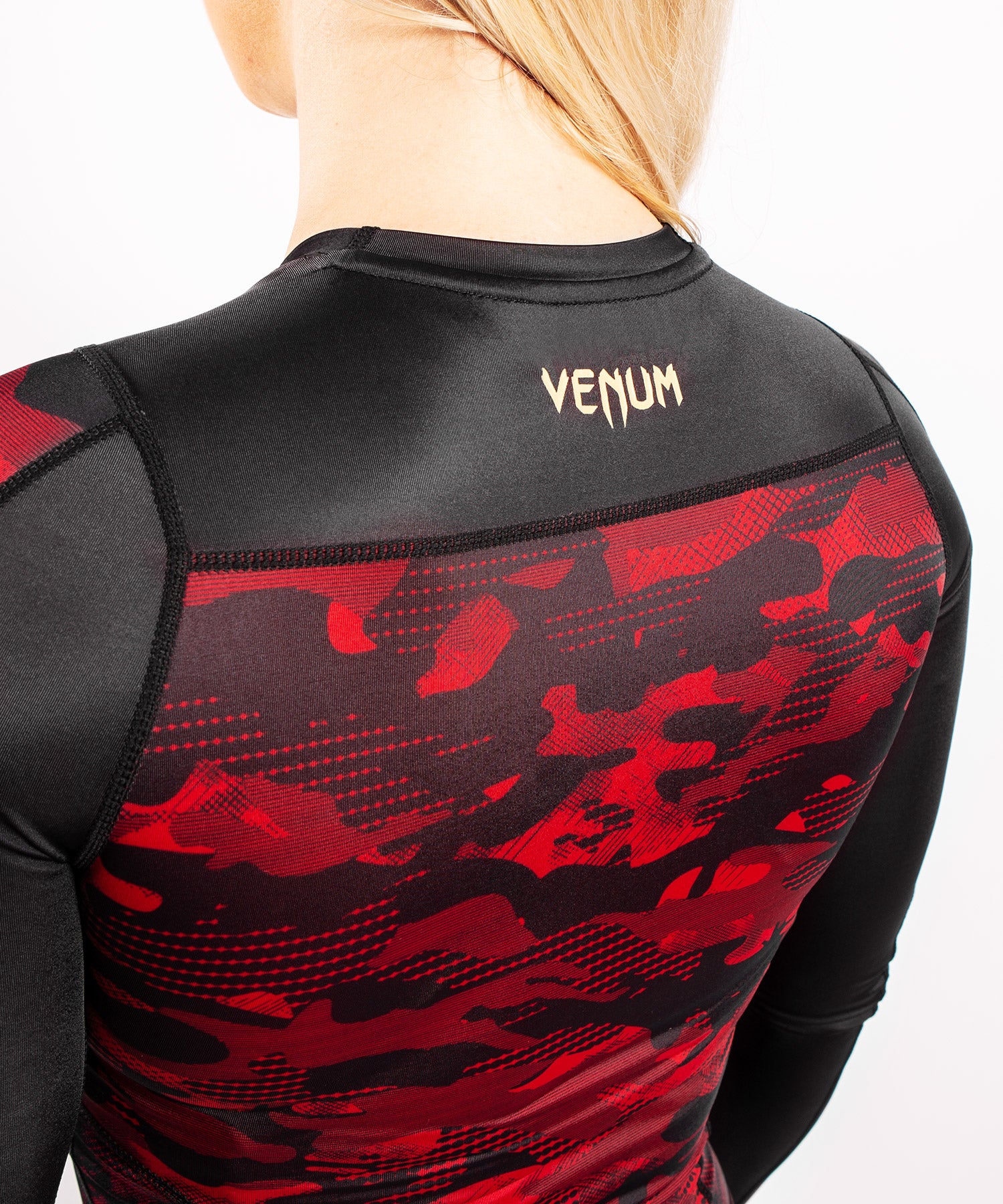 venum-defender-rashguard-langarm-damen-schwarz-rot image 7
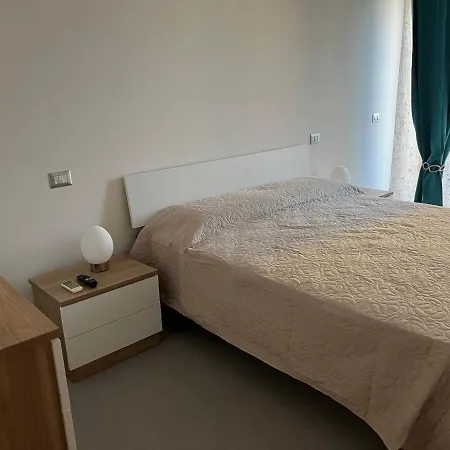 Le Zagare Bed & Breakfast *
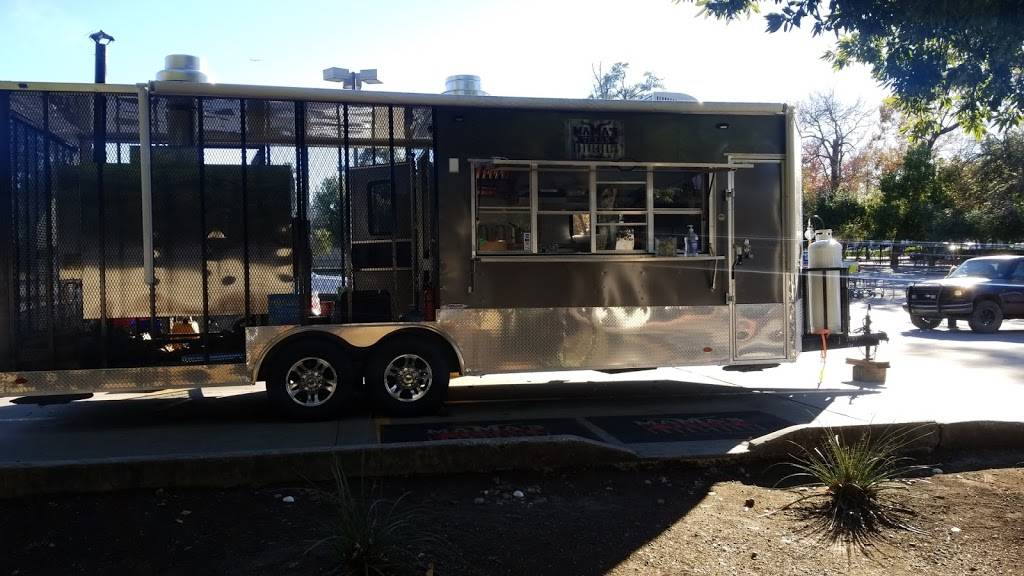 Mommas Texas Smokehouse | restaurant | 7355 FM 1960, Humble, TX 77346, USA | 8322174667 OR +1 832-217-4667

_WHAT THE TASK REQUIRES_: Transcribe the listing above verbatim. Omit the pictures.

_SOLUTION BELOW_:
 venum-defender-rashguard-langarm-damen-schwarz-rot image 7
 Le Zagare Bed & Breakfast *
 Mommas Texas Smokehouse | restaurant | 7355 FM 1960, Humble, TX 77346, USA | 8322174667 OR +1 832-217-4667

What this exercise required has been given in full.